TASK DIRECTIONS:
Each line from the one containing "this 896×1344 image." to the end of the listing below should be output exactly; no other line is wanted.

##### DATA TO USE #####

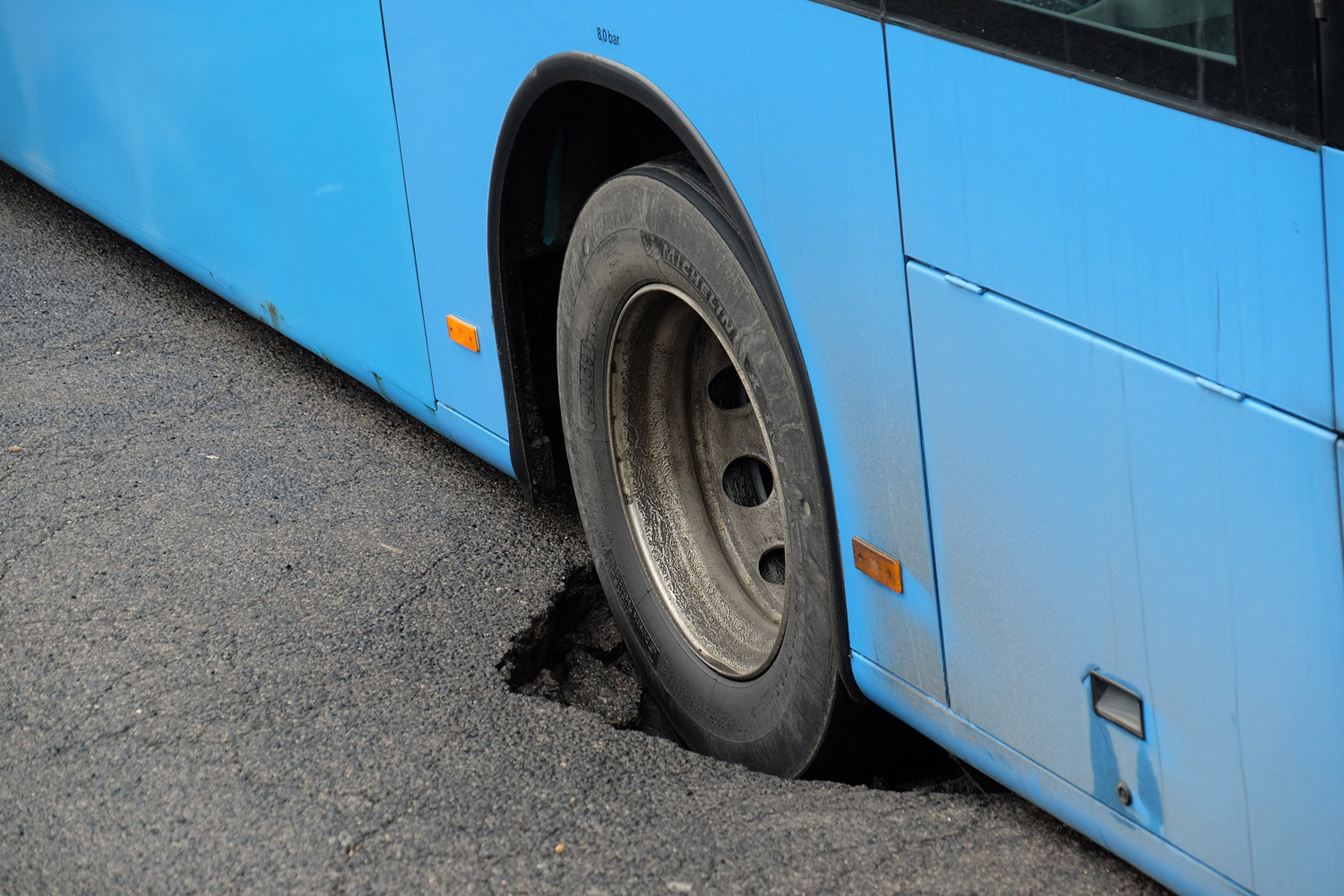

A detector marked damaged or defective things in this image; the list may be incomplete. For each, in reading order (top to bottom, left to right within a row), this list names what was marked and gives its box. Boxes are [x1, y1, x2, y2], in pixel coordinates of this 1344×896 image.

cracked pavement [0, 165, 1168, 896]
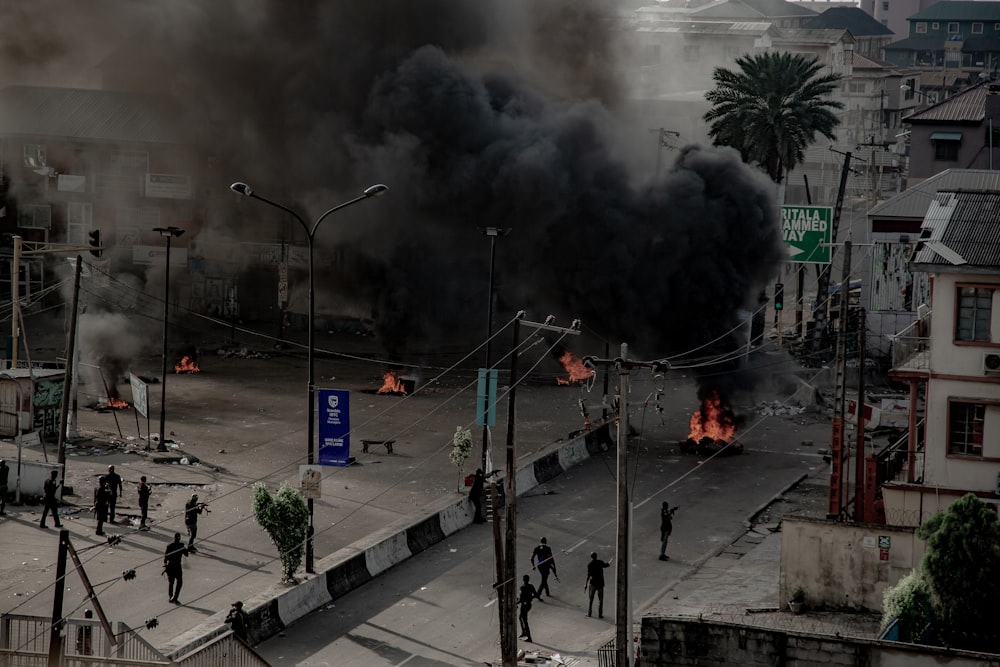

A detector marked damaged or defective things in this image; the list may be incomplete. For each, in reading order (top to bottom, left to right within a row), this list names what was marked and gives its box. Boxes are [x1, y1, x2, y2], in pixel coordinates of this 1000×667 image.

rusty roof sheet [0, 86, 186, 145]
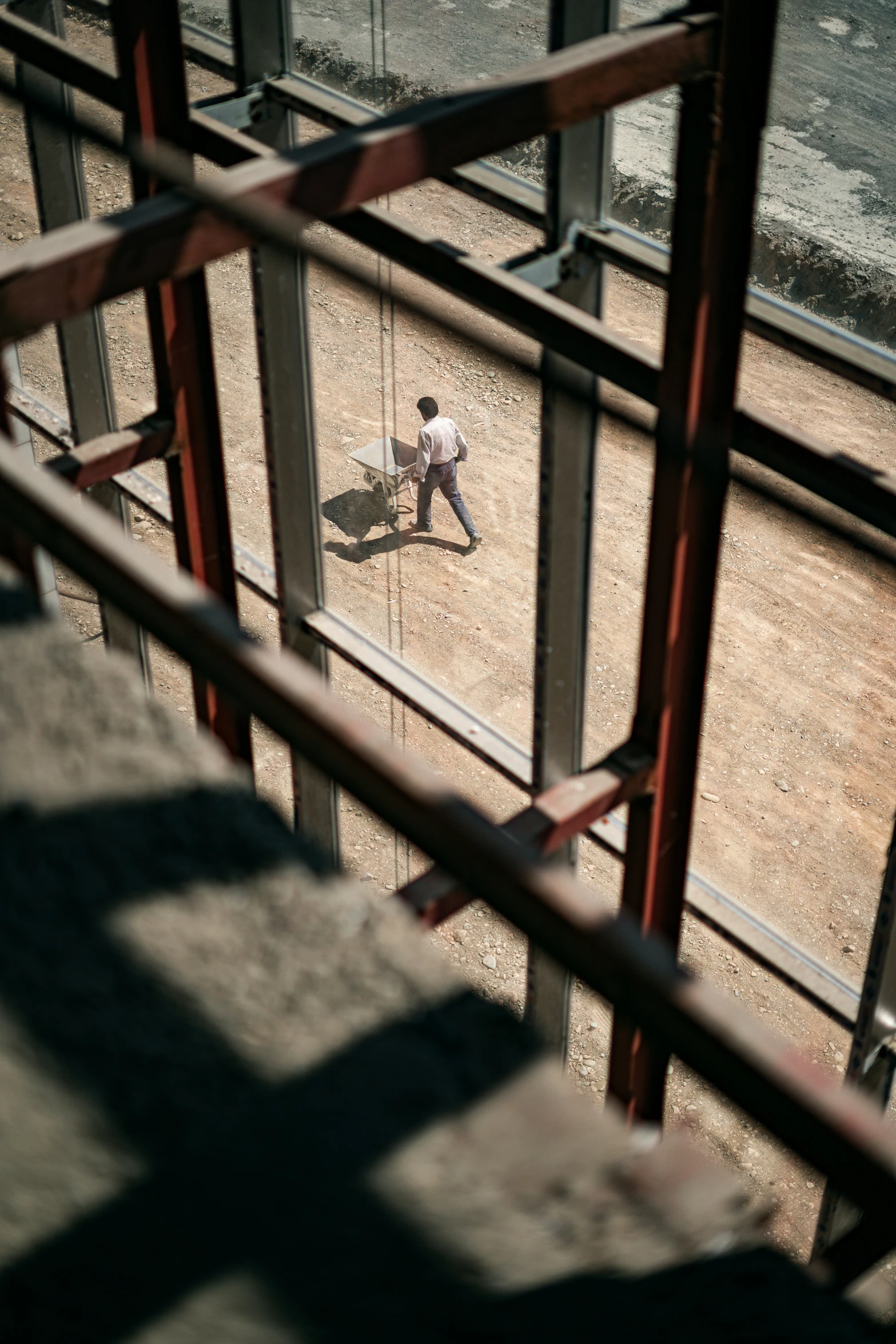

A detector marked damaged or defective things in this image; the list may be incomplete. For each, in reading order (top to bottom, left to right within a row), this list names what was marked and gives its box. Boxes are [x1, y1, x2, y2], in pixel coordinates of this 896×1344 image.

rusty steel beam [46, 416, 177, 492]
rusty steel beam [111, 0, 252, 763]
rusty steel beam [0, 15, 720, 341]
rusty steel beam [5, 446, 896, 1274]
rusty steel beam [403, 736, 655, 935]
rusty steel beam [607, 0, 779, 1123]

#####

SOLUTION FOR THIS PROBLEM:
A detector marked damaged or defective things in this image; the list may be incomplete. For each, in reading order (top to bottom, left to right within a row), this list names what was marked and gives its box. Boxes are [x1, y1, x2, y2], in pixel coordinates of this 896×1344 image.

rusty steel beam [46, 416, 177, 492]
rusty steel beam [111, 0, 252, 763]
rusty steel beam [0, 15, 720, 341]
rusty steel beam [5, 446, 896, 1274]
rusty steel beam [403, 736, 655, 935]
rusty steel beam [607, 0, 779, 1123]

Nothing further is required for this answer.